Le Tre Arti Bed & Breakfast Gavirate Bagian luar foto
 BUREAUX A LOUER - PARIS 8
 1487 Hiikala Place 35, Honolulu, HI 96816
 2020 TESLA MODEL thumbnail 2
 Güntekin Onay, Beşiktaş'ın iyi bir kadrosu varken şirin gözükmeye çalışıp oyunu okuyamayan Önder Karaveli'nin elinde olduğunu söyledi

-=-=-=-=-

[Exercise details] Would you output the full listing exactly as it stands?

[Output below]
Le Tre Arti Bed & Breakfast Gavirate Bagian luar foto
 BUREAUX A LOUER - PARIS 8
 1487 Hiikala Place 35, Honolulu, HI 96816
 2020 TESLA MODEL thumbnail 2
 Güntekin Onay, Beşiktaş'ın iyi bir kadrosu varken şirin gözükmeye çalışıp oyunu okuyamayan Önder Karaveli'nin elinde olduğunu söyledi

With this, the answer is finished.